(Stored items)
---*---
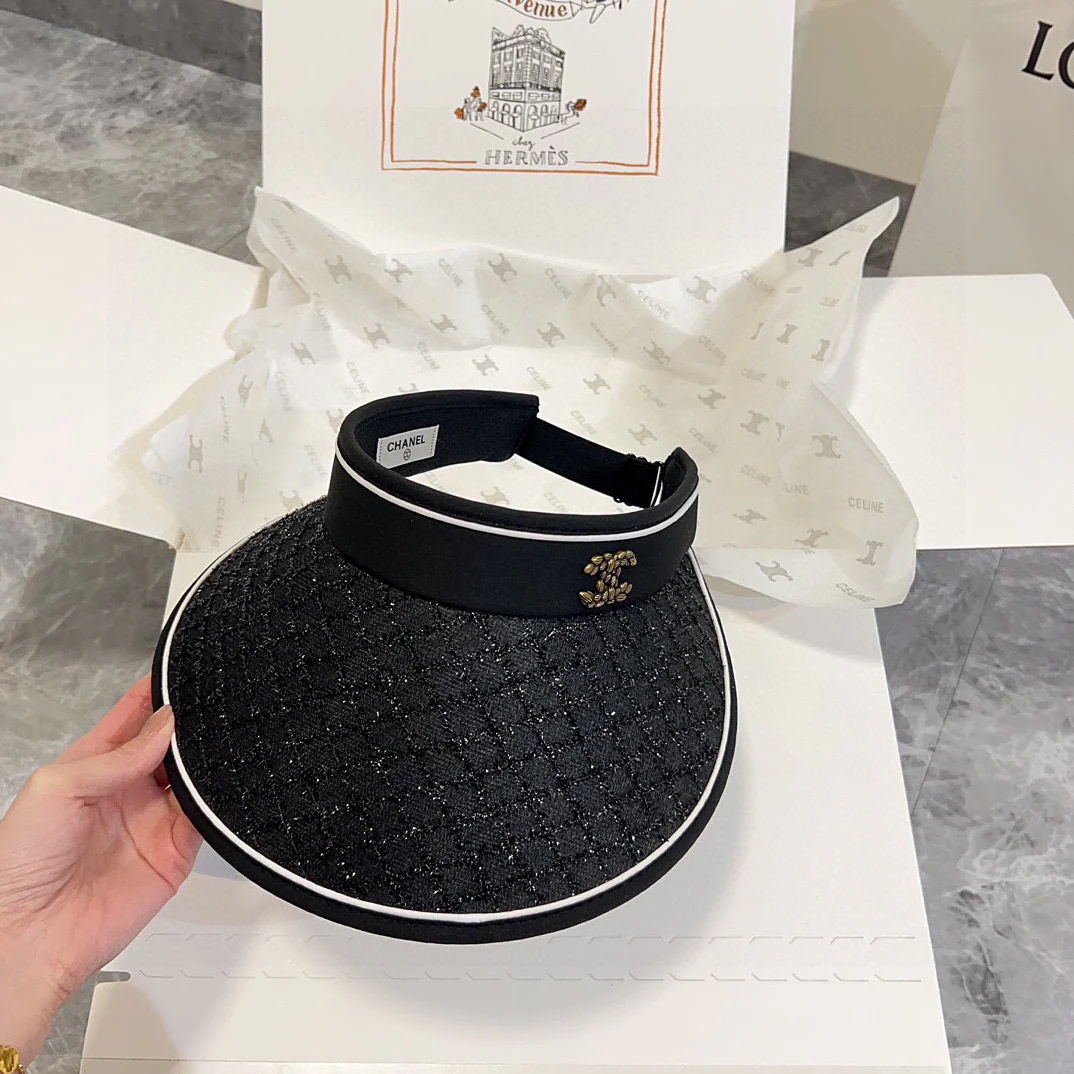 Новая летняя солнцезащитная шляпа Chanel 2024 с пайетками и клетчатым узором - черная.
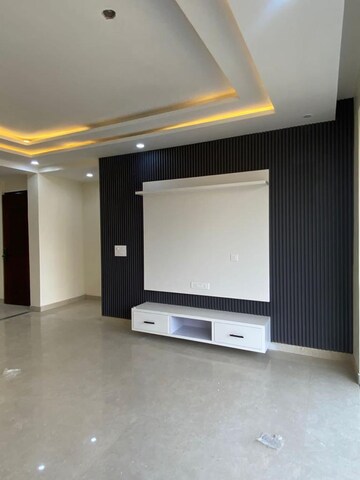 Room in 5 BHK Builder Floor at Suncity – for Sale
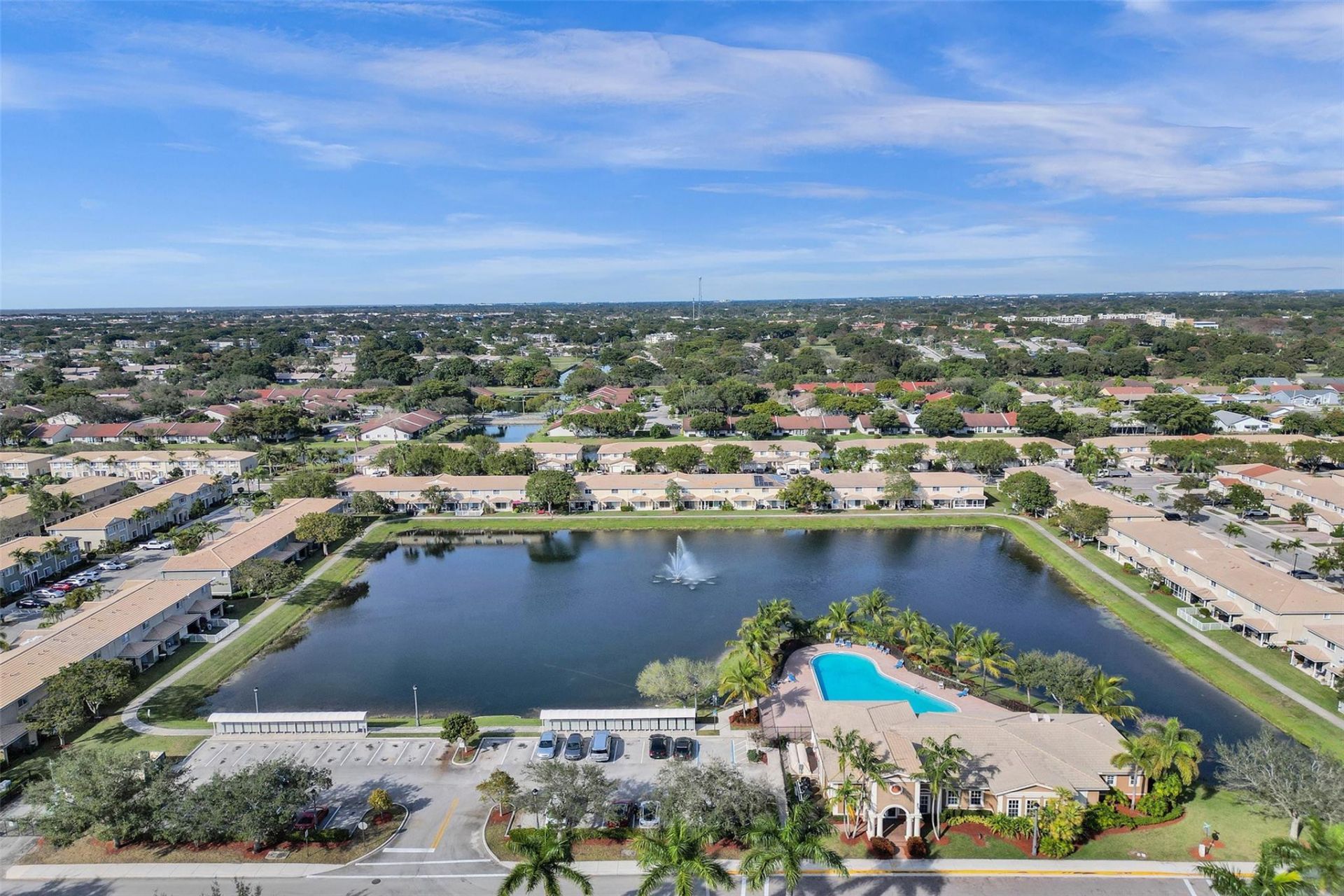 9075 Plymouth Place, Unit 9075, Tamarac, FL 33321 Photo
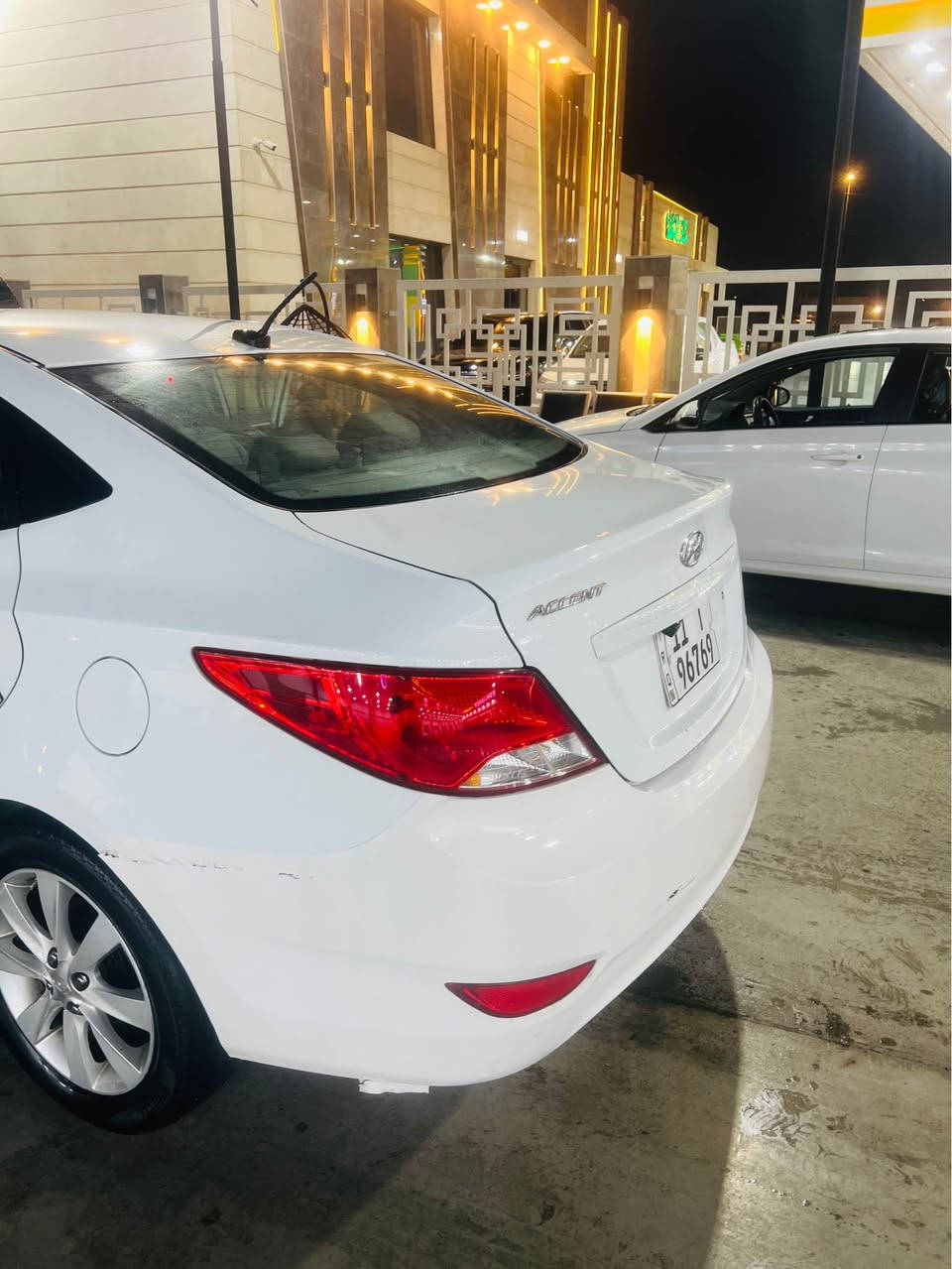 السلام عليكم 

اكسنت للبيع رقم بغداد الجديد سيارة مديل 2016 وارد امريكي  بيها جاملغ امامي صفحه السايق وبابين وشويه من الخلفي سياره محركها 1600 GDI مواصفاتها اشاير بالمري تحكم ستيرن شاشه تاب داخليتها نضيفها تخم تاير جديد صدر نص عمر رايدها ب 90 وبيها مجال مكاني البنوك
*********** بغداد, العراق
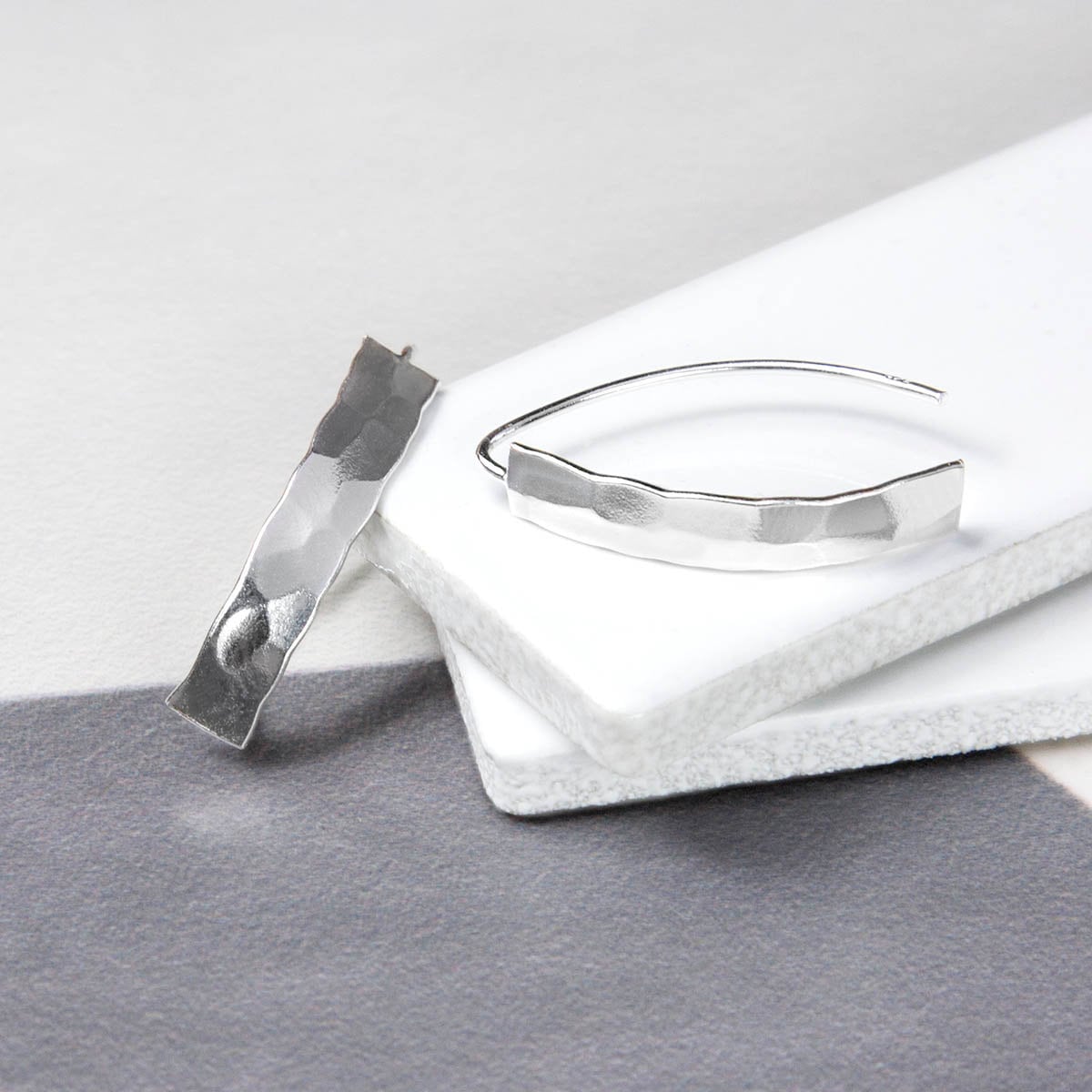 sterling Silber Urban Shield Tropfen Ohrringe von MarthaJacksonSilver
---*---
ABOUT THIS EXERCISE :: If a line in the records above holds the string "بغداد", copy it.

YOUR SOLUTION ::
اكسنت للبيع رقم بغداد الجديد سيارة مديل 2016 وارد امريكي  بيها جاملغ امامي صفحه السايق وبابين وشويه من الخلفي سياره محركها 1600 GDI مواصفاتها اشاير بالمري تحكم ستيرن شاشه تاب داخليتها نضيفها تخم تاير جديد صدر نص عمر رايدها ب 90 وبيها مجال مكاني البنوك
*********** بغداد, العراق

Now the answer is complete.